== Records for this exercise ==
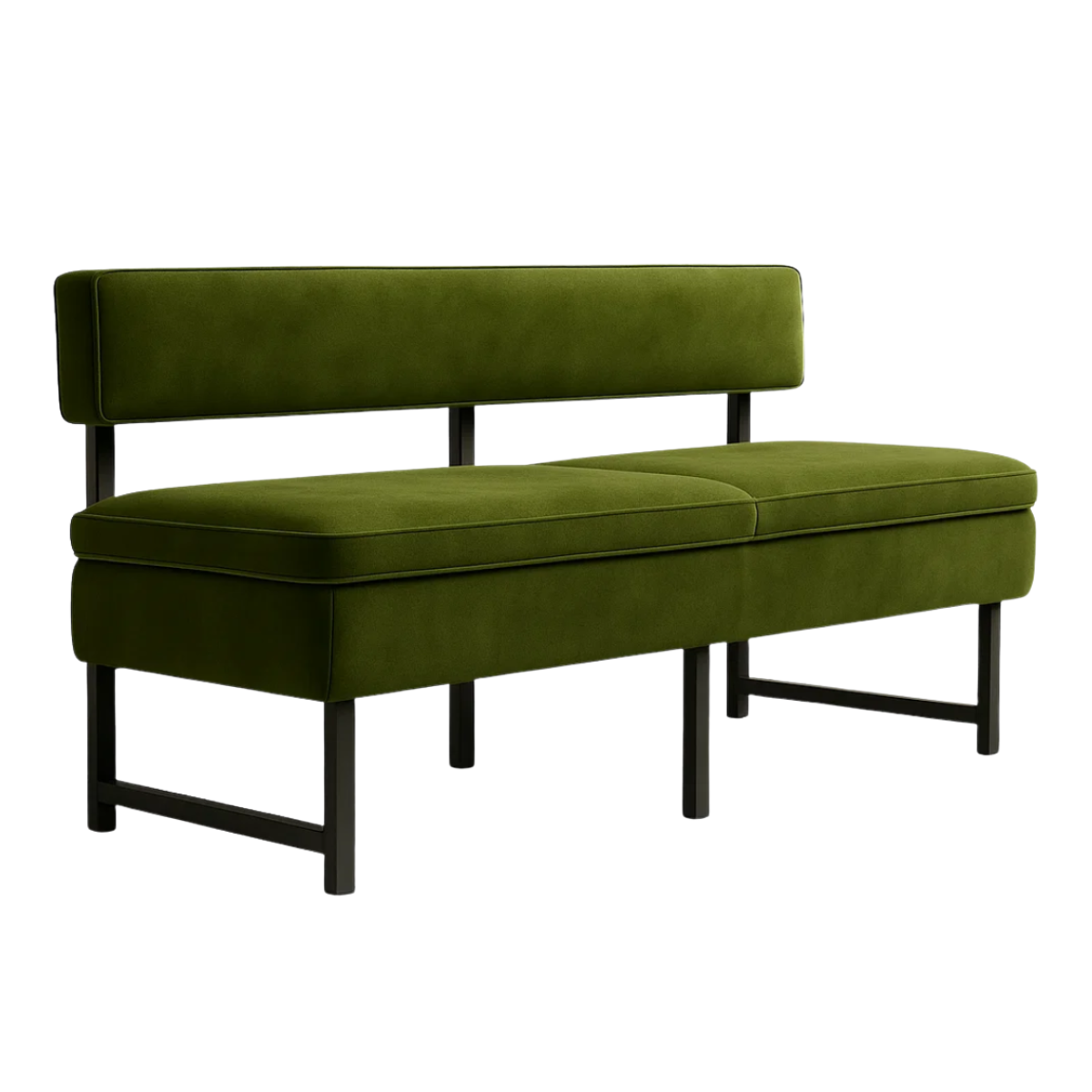Linea Open-Frame Booth – Upholstered Seat and Back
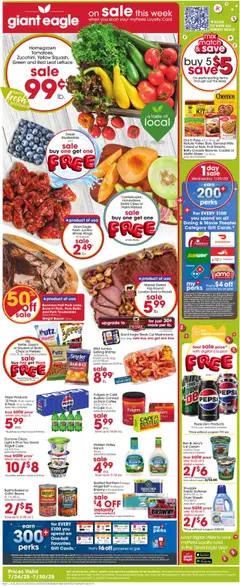 Preview of Giant Eagle weekly ads valid from 24.07.2025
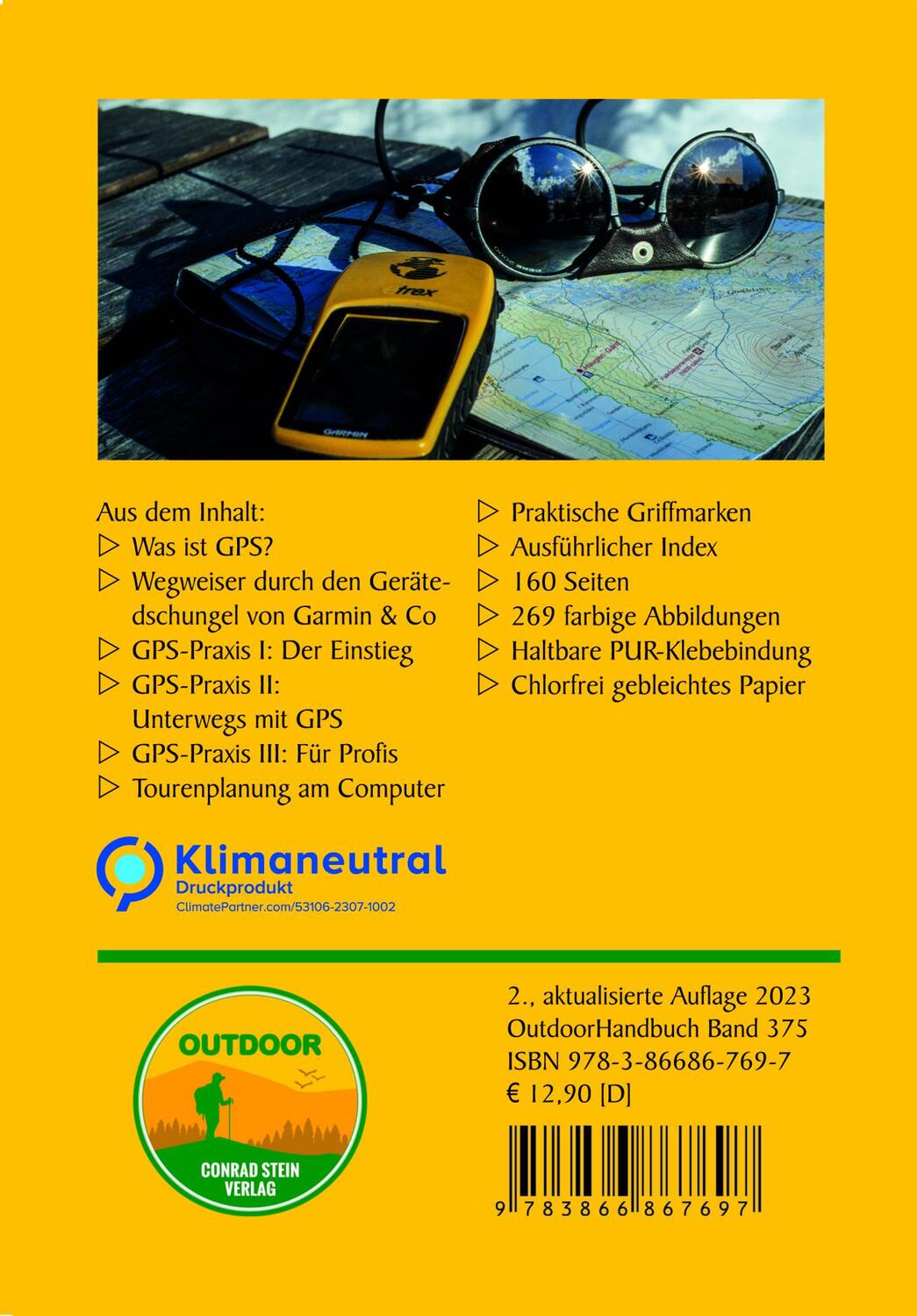 Rückseite: 9783866867697 | GPS | Grundlagen · Tourenplanung · Navigation | Michael Hennemann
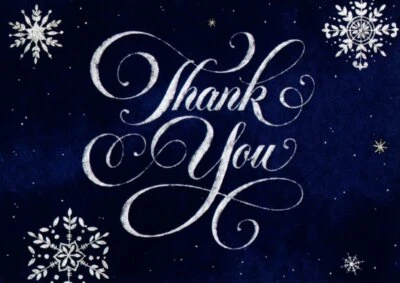 Juego de 8 tarjetas de Navidad clásicas blancas de copos de nieve notas de agradecimiento con sello Foto 1 de 2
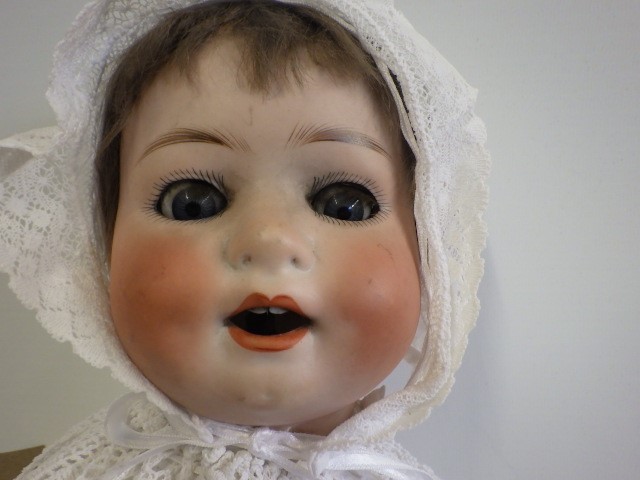 A Heubach Kopplesdorf bisque socket head doll Image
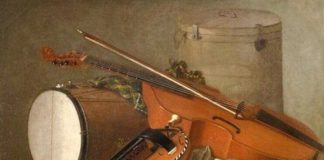 Henri-Horace Roland de La Porte (1724 – 1793), ”Natură moartă cu instrumente muzicale”, Musée des beaux-arts du Château de Blois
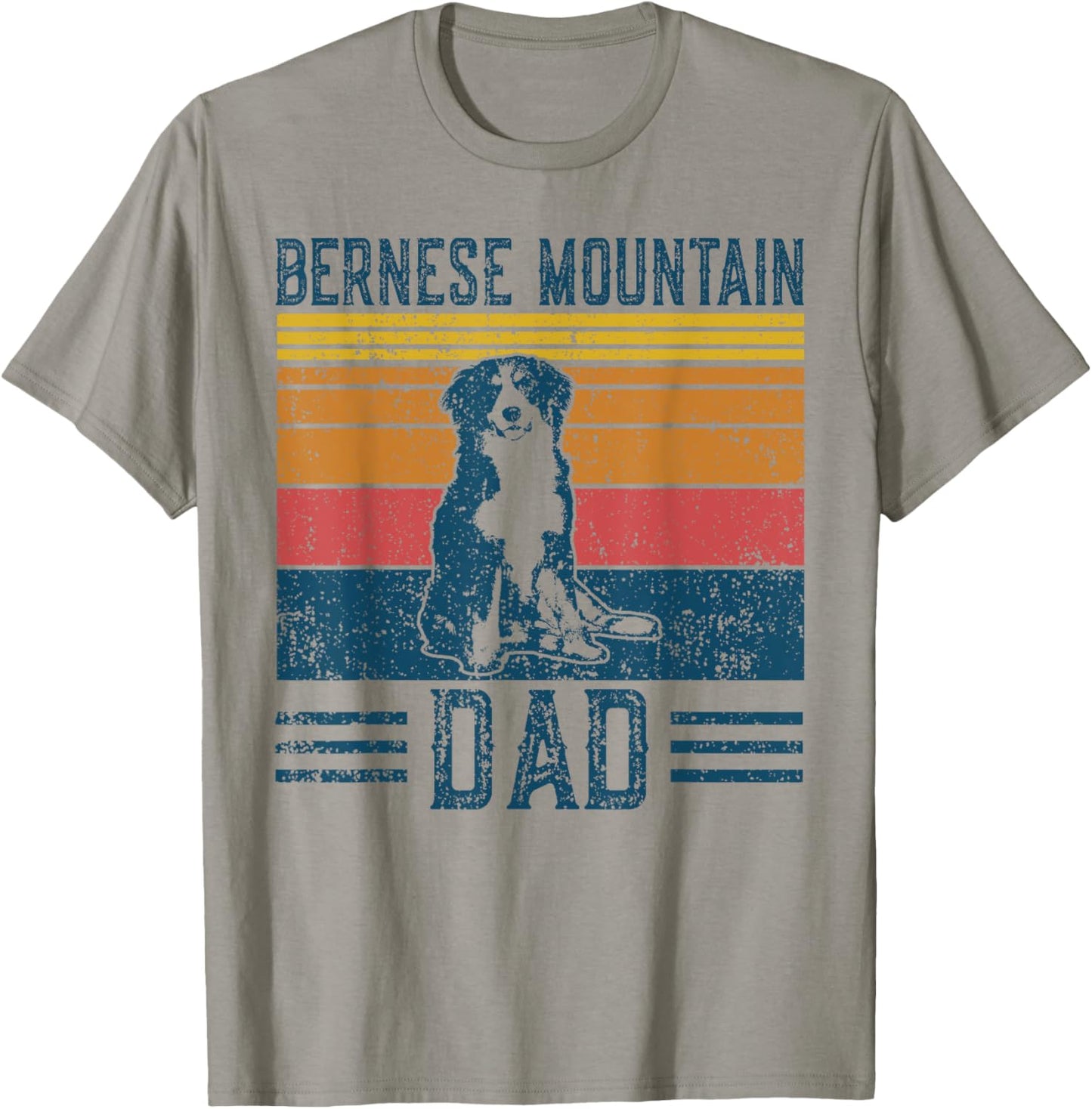 Dog Berner Dad - Vintage Bernese Mountain Dad T-Shirt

== What needs to be done ==
Output, exactly and without pictures, the span of lines that starts at the line containing "Rückseite: 9783866867697 |" and ends at the last line above.

== Result ==
 Rückseite: 9783866867697 | GPS | Grundlagen · Tourenplanung · Navigation | Michael Hennemann
 Juego de 8 tarjetas de Navidad clásicas blancas de copos de nieve notas de agradecimiento con sello Foto 1 de 2
 A Heubach Kopplesdorf bisque socket head doll Image
 Henri-Horace Roland de La Porte (1724 – 1793), ”Natură moartă cu instrumente muzicale”, Musée des beaux-arts du Château de Blois
 Dog Berner Dad - Vintage Bernese Mountain Dad T-Shirt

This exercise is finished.